*Exercise prompt*. Beginning with the line below that contains "El refrendo vehicular" and ending with the line that contains "Single Family Royal", retype every line exactly. Pictures are not copied.

*Records shown*.
==========

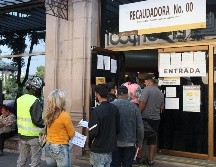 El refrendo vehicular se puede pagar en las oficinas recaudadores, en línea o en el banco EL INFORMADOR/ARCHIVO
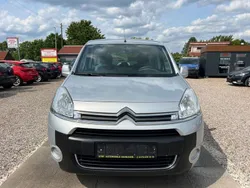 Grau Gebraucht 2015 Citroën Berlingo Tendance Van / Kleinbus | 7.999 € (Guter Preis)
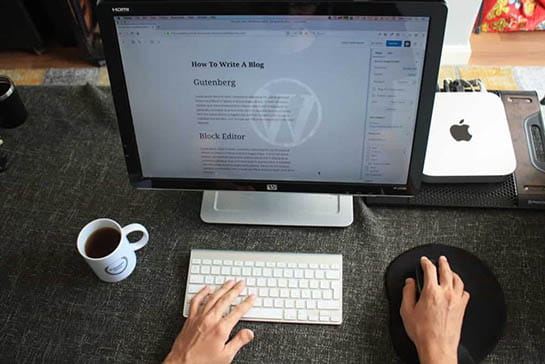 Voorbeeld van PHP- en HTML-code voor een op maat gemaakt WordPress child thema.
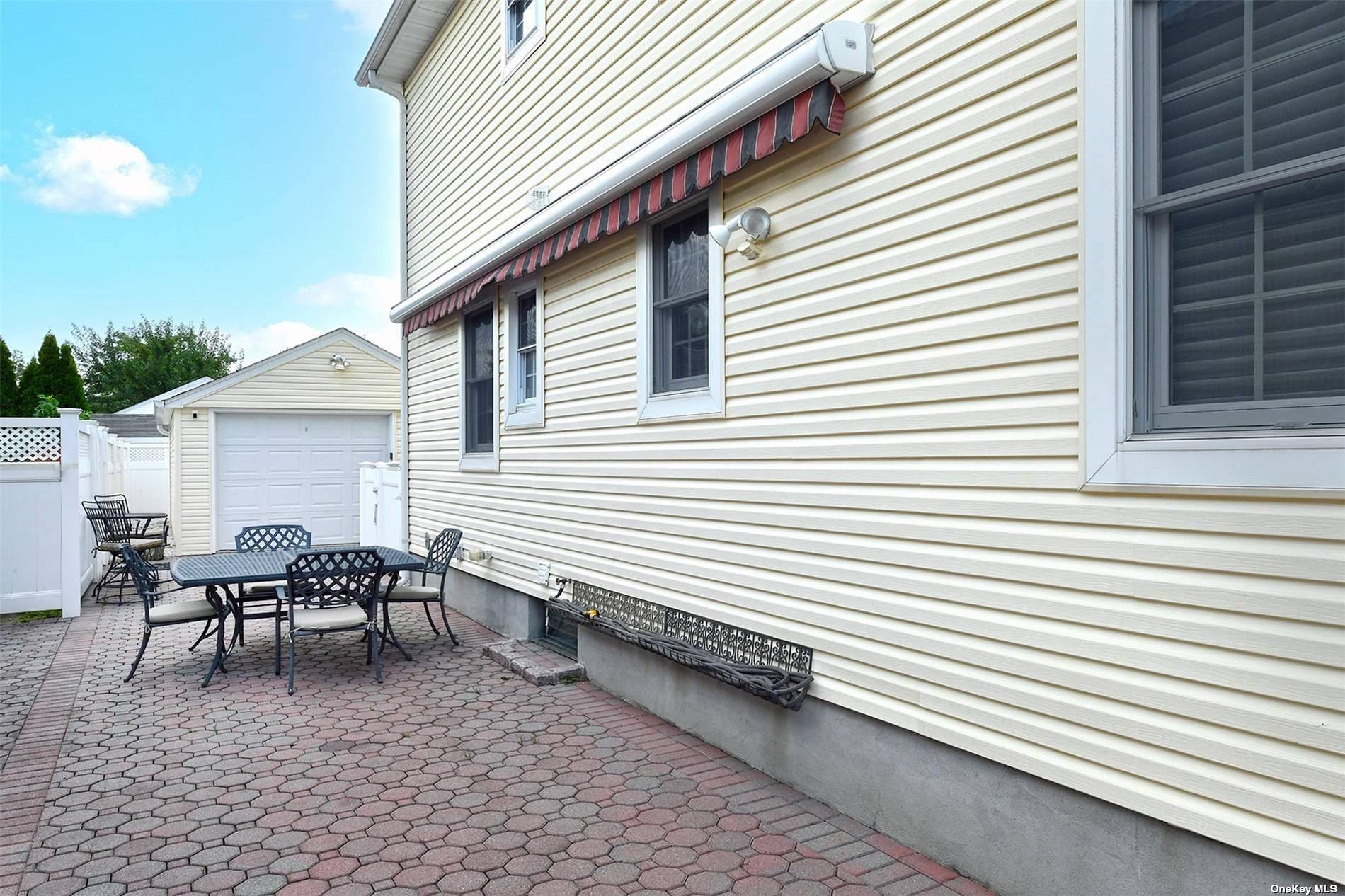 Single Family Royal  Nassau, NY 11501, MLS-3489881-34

==========

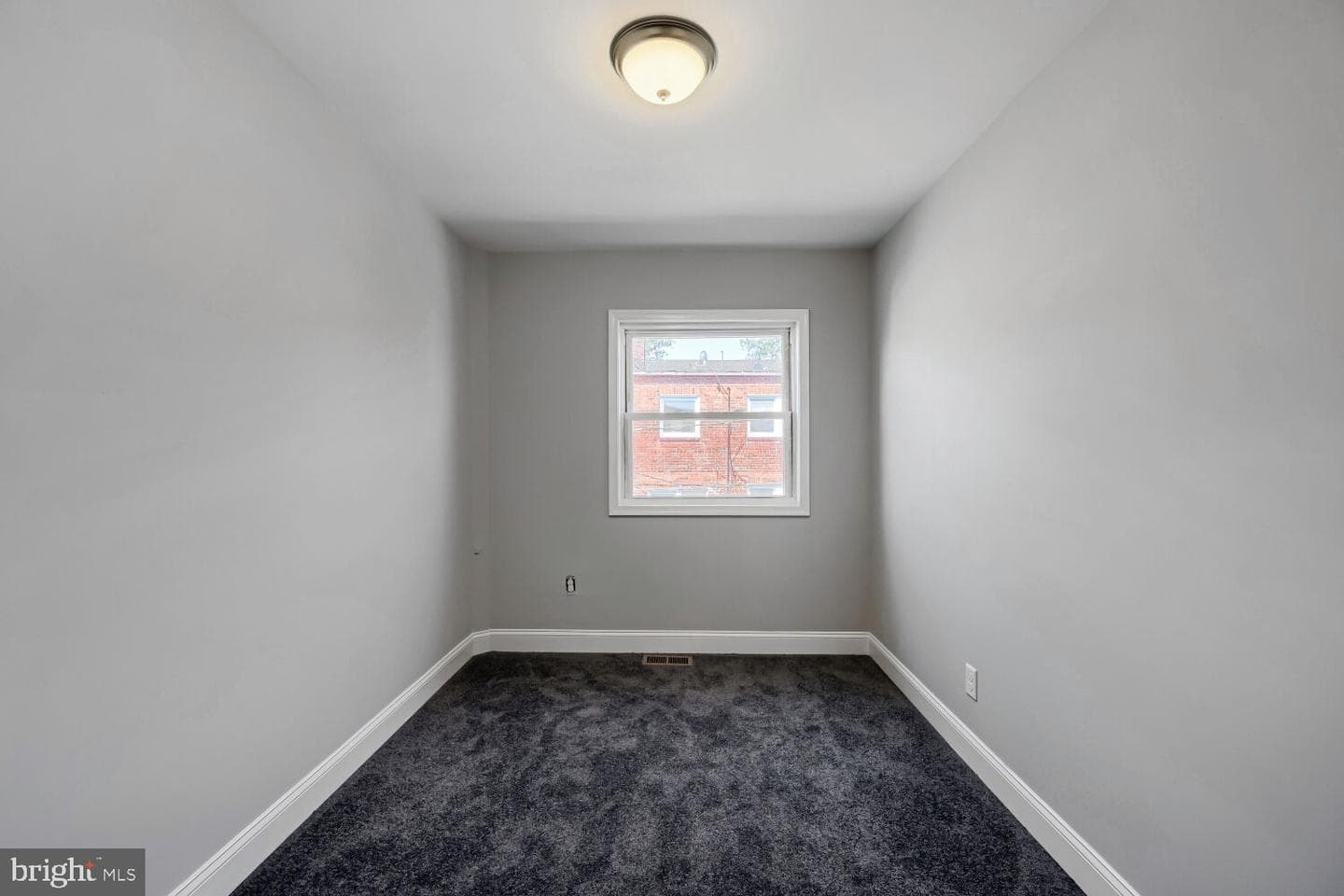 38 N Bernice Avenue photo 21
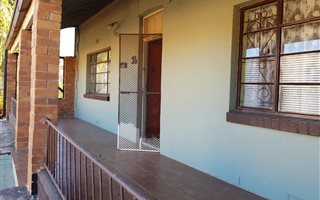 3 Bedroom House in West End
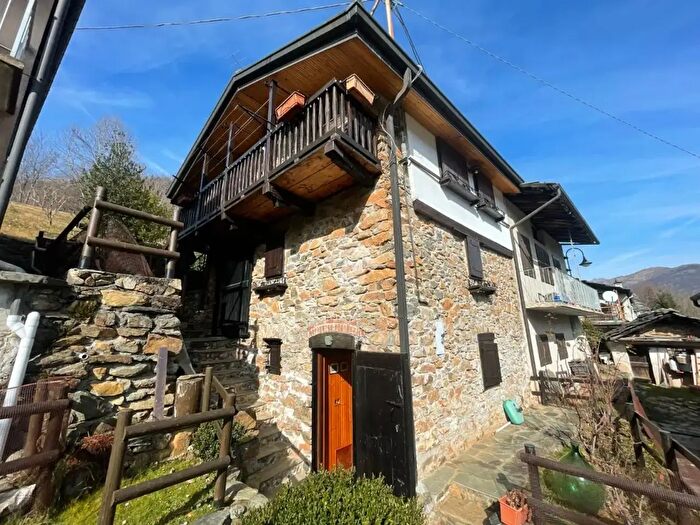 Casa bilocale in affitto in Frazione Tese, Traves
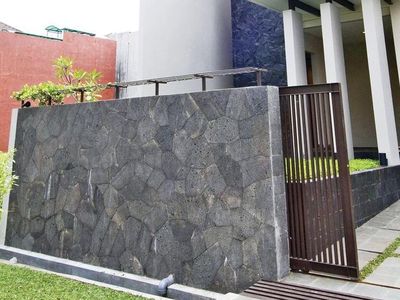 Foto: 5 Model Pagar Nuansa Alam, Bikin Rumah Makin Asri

==========

*Solution*.
 El refrendo vehicular se puede pagar en las oficinas recaudadores, en línea o en el banco EL INFORMADOR/ARCHIVO
 Grau Gebraucht 2015 Citroën Berlingo Tendance Van / Kleinbus | 7.999 € (Guter Preis)
 Voorbeeld van PHP- en HTML-code voor een op maat gemaakt WordPress child thema.
 Single Family Royal  Nassau, NY 11501, MLS-3489881-34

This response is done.